Milton Packer, MD | Credit: American Heart Association

Milton Packer, MD
Credit: American Heart Association

Use of tirzepatide (Zepbound/Mounjaro) reduces risk of worsening heart failure among patients with obesity and heart failure with preserved ejection fraction (HFpEF), according to research presented at the American Heart Association (AHA) Scientific Sessions 2024.
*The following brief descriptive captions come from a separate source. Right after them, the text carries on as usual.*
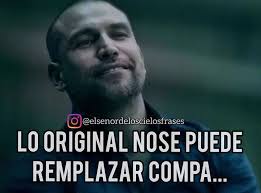 Jonathan Loza (jonathanloza_53)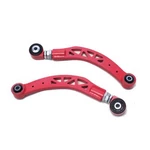 Godspeed Rear Upper Camber Control Arm For Benz X204 GLK250 GLK300 GLK350 10-15. Fixed Price $187.00.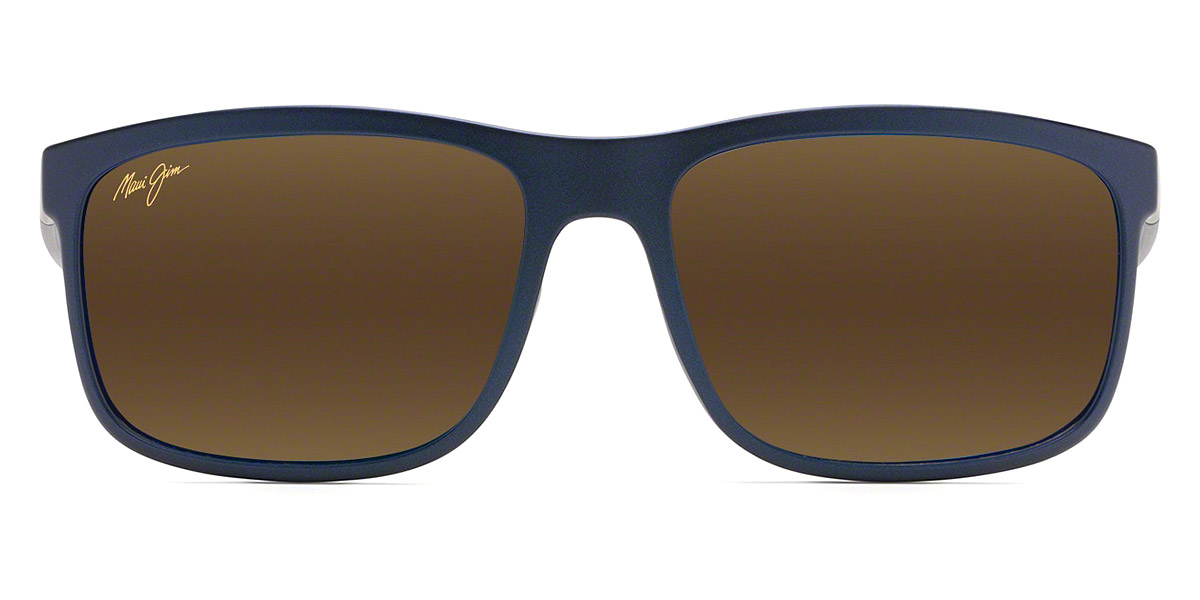 Maui Jim™ - HUELO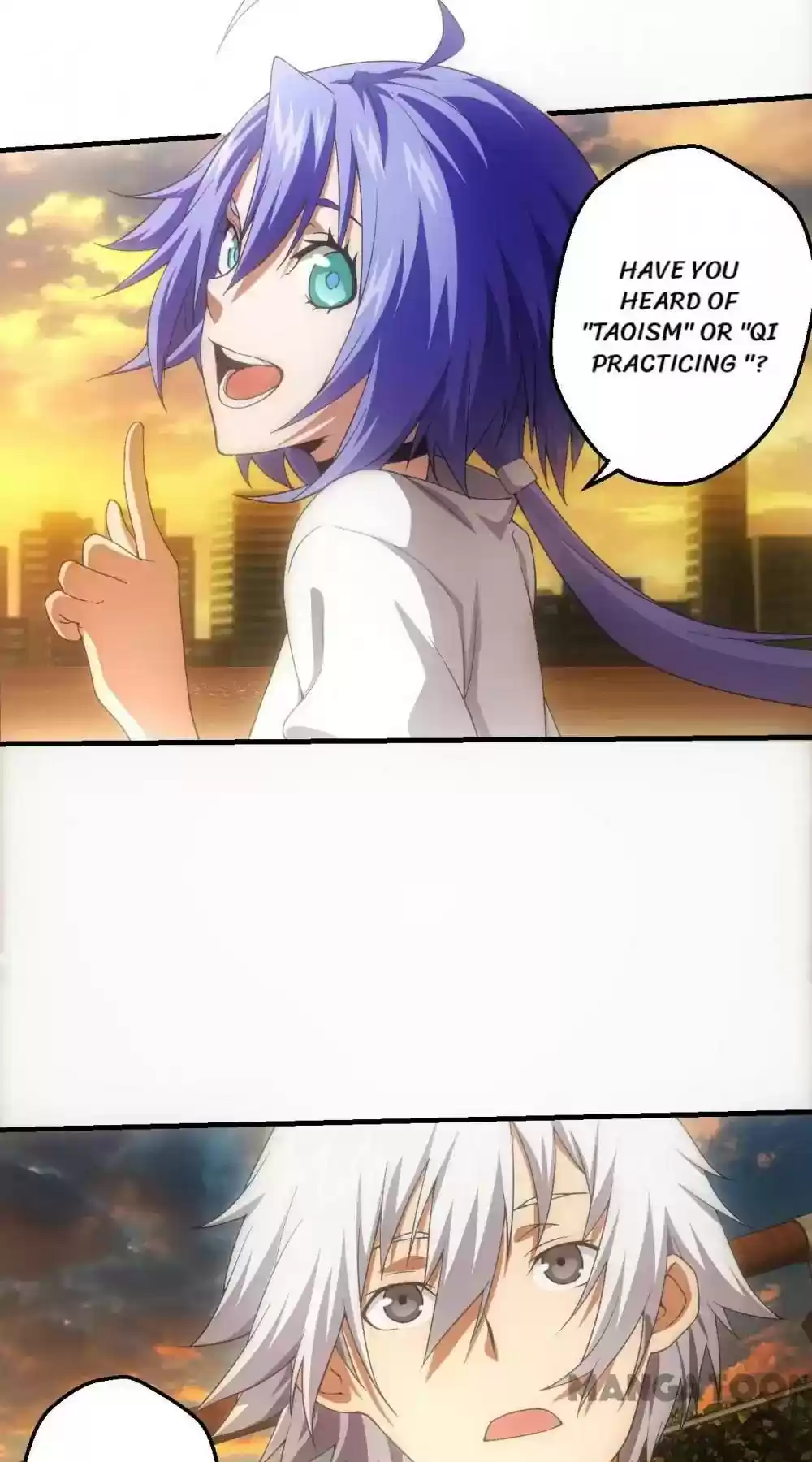 Energy Hunters Episode 31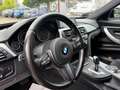 BMW 330 xDrive M-Sport Grau - thumbnail 12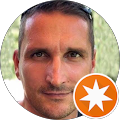 Profilbild von „Zsolt László (.“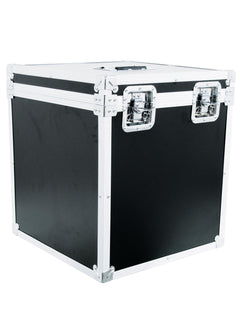 Flightcases till diskokulor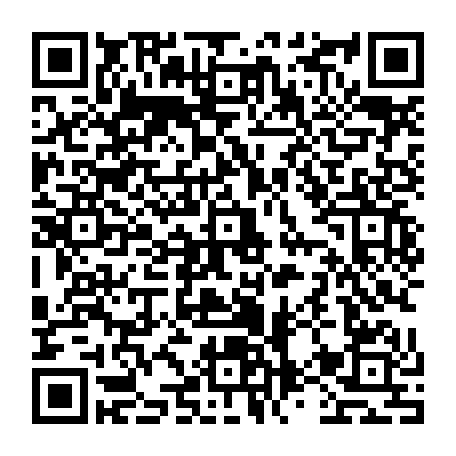 74823228066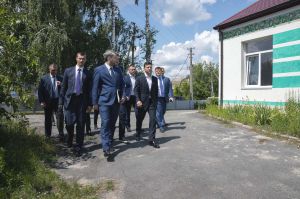 Щоб мінімізувати ризики рейдерства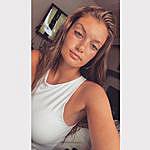 Jenna Johnston - @jenna__johnston Instagram Profile Photo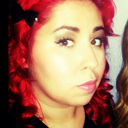 touchmygirlyboner-blog-blog avatar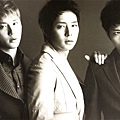 JYJ (35).jpg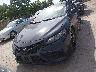 4T1G11AK3MU****** Usados 2021 Toyota Camry en Estado de Maryland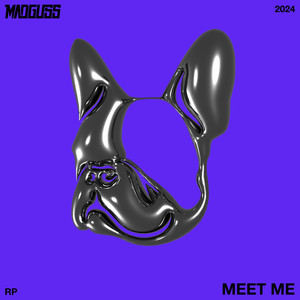 Meet Me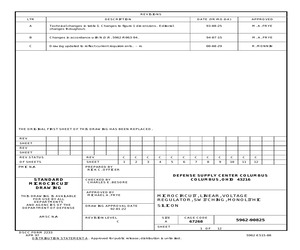 5962-9082501MYA.pdf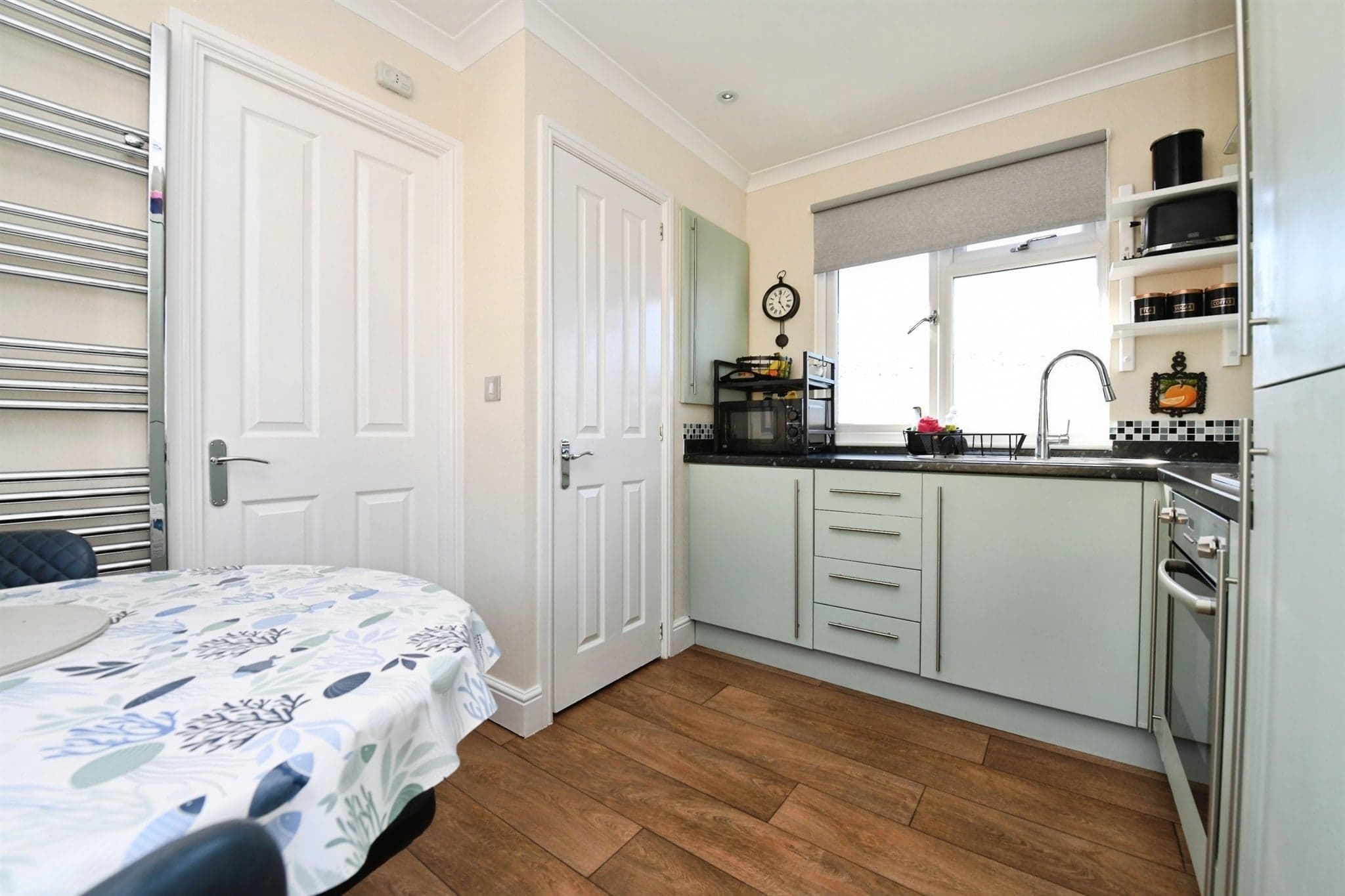 Property at Bakers Lane, West Hanningfield, Chelmsford
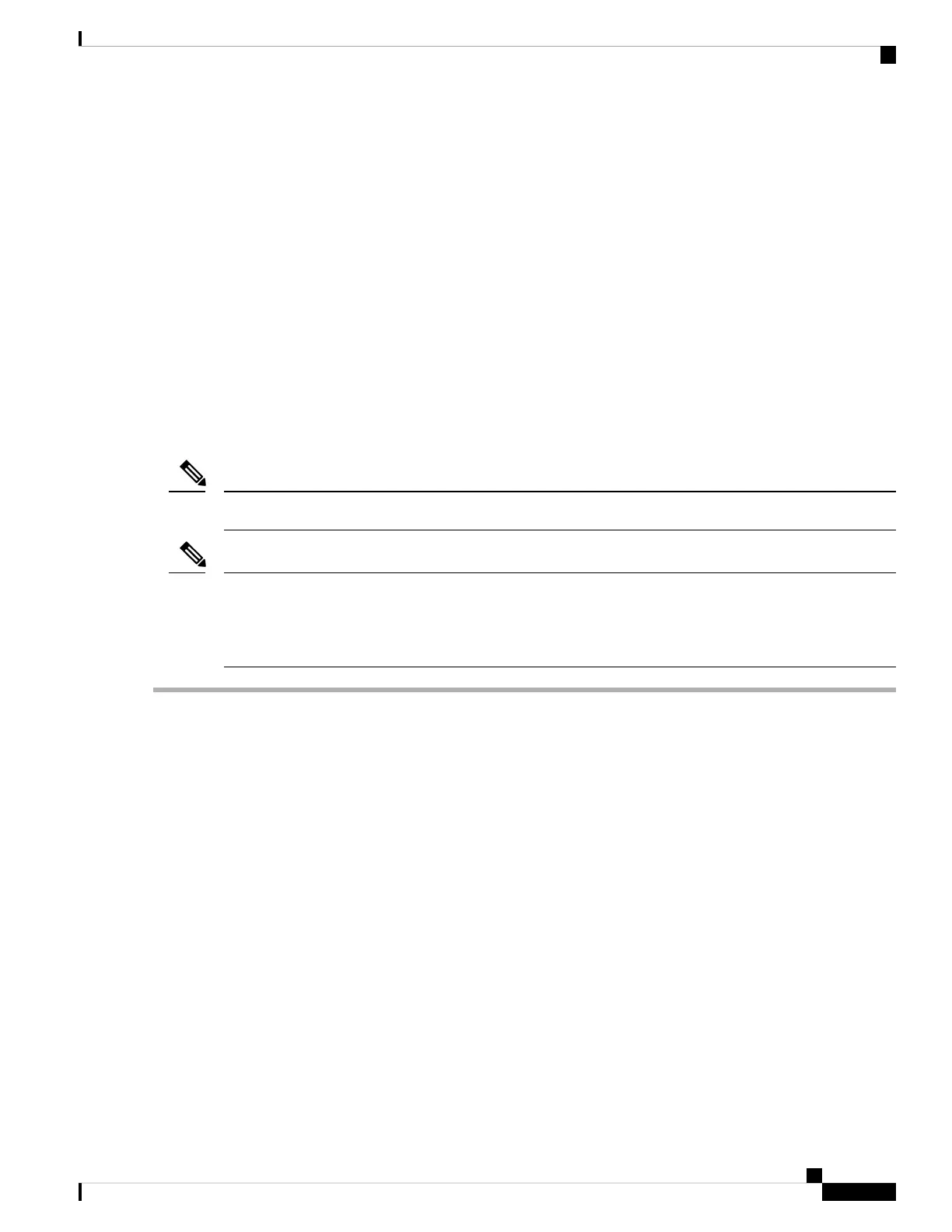 Page #127 background image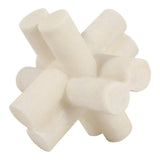 ALLEGHENY LARGE QUARTZ RESIN JACK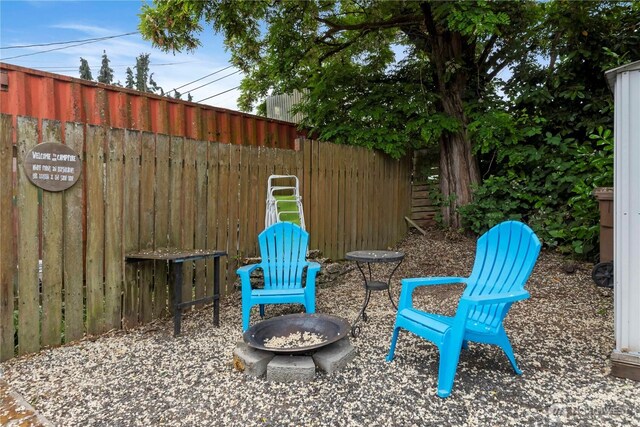 3832 E Spokane St, Tacoma, WA 98404 - photo 24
Coming less than 4 months after Eli Lilly and Company announced topline results from the trial in August 2024, SUMMIT trial data from AHA 2024 demonstrate use of tirzepatide was associated with a 38% reduction in risk for heart failure hospitalization or cardiovascular death as well as a 12 to 21% reduction in body weight during the trial.1,2

“These results indicate tirzepatide produced meaningful benefits for people living with heart failure with preserved ejection fraction and obesity,” said principal investigator Milton Packer, MD, a distinguished scholar in cardiovascular science at Baylor University Medical Center in Dallas and a visiting professor at Imperial College in London.2 “The patients experienced a lower combined risk of worsening heart failure events and cardiovascular disease death, along with improved health status and exercise tolerance. This is the first trial to demonstrate that a medication can change the clinical trajectory of the disease in patients with HFpEF and obesity.”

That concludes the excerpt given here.